Modalities
Healing looks different for everyone. Using art-based, narrative, and experiential approaches, sessions are designed to help you reconnect with yourself, make meaning of your experiences, and move forward at your own pace. These methods go beyond traditional talk therapy — inviting you to engage your whole self in the process of growth and healing.
Experiential Therapy
I do not believe change happens from insight alone. Change happens when something feels different.
Experiential therapy allows us to work with what is happening in real time, not just what happened in the past. This might mean slowing down a moment, noticing what shifts in your body when you say something out loud, or gently exploring patterns as they emerge between us. Therapy becomes a place where you do not just understand yourself differently, but experience yourself differently.
My approach is direct, human, and collaborative. I will not sit silently while you carry something heavy alone. I pay attention to what is said, what is not said, and what exists underneath both. Together, we create new emotional experiences that allow old patterns to loosen their grip.

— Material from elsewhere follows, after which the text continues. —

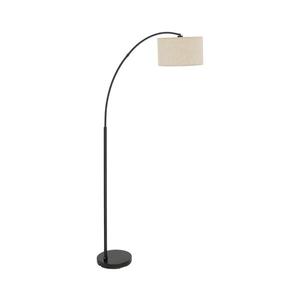 Stojací lampa ZENITH 1xE27/15W/230V černá/béžová 16023 obraz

This is where integration happens. Not by forcing change, but by allowing something new to exist alongside what has always been there.
Art Based Therapy
Sometimes words arrive too fast. Sometimes they do not arrive at all.
Art allows us to slow down and access parts of ourselves that exist outside of language. This might look like drawing, organizing, mapping thoughts visually, or simply having something in your hands while we talk. When the pressure to perform or explain is reduced, people often find themselves speaking more honestly without trying.

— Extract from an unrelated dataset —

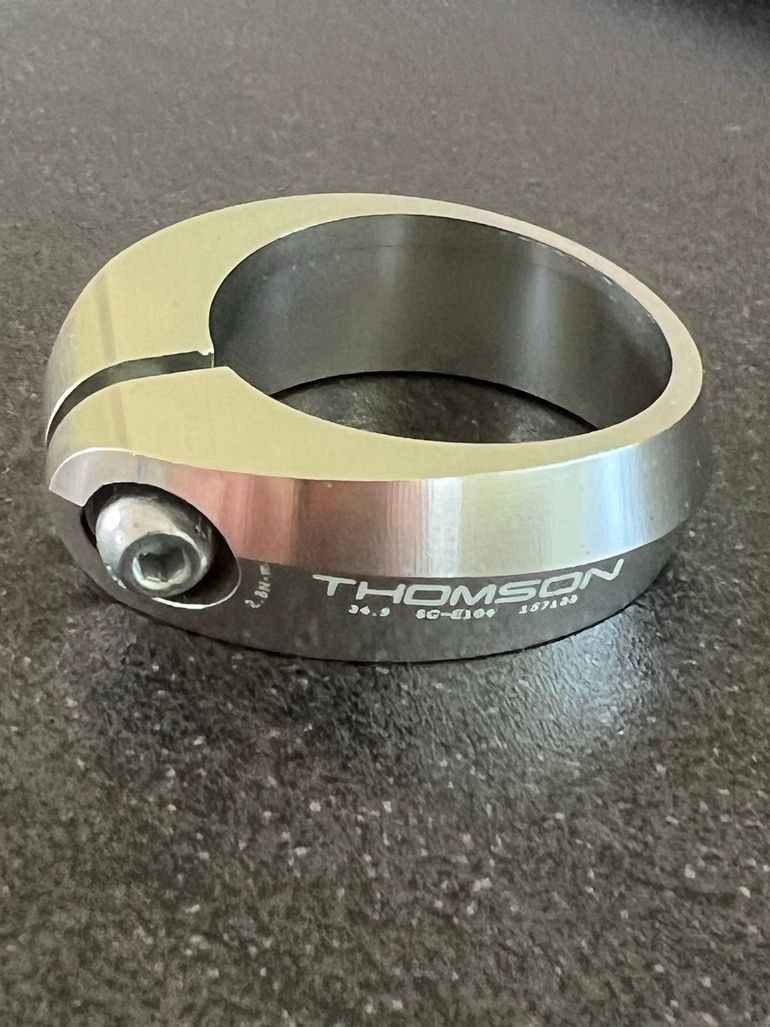 Thomson Sattelklemme, SC-E104, Silber bike d'occasion — image 2 sur 6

I often bring creativity into the room in ways that feel natural and grounding. Multitasking can create safety. It can soften intensity. It can allow you to exist in therapy without feeling watched or evaluated.

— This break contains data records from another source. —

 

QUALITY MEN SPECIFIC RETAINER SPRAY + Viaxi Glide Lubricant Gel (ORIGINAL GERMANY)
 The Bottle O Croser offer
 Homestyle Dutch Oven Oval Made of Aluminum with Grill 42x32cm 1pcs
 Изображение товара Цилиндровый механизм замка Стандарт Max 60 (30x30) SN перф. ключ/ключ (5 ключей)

Art helps make the internal visible. It allows us to see patterns, identities, and emotions in front of us rather than carrying them alone inside.
You do not need to be artistic. You only need to be willing to exist with curiosity.
Narrative Therapy
Many people enter therapy believing something is wrong with them. Often, what they are carrying is not theirs alone.
Narrative therapy allows us to examine the stories that shaped you. Not just the obvious ones, but the quieter ones. The expectations you absorbed. The roles you learned to play. The identities that formed without your permission.
We do not simply challenge these narratives. We get to know them. We understand why they existed, what they protected, and how they helped you survive. From there, something new becomes possible.
You are not reduced to a diagnosis, a mistake, or a single version of yourself. You are someone whose story is still unfolding.
Therapy becomes a space where you are not rewritten by someone else, but where you begin to recognize your own authorship.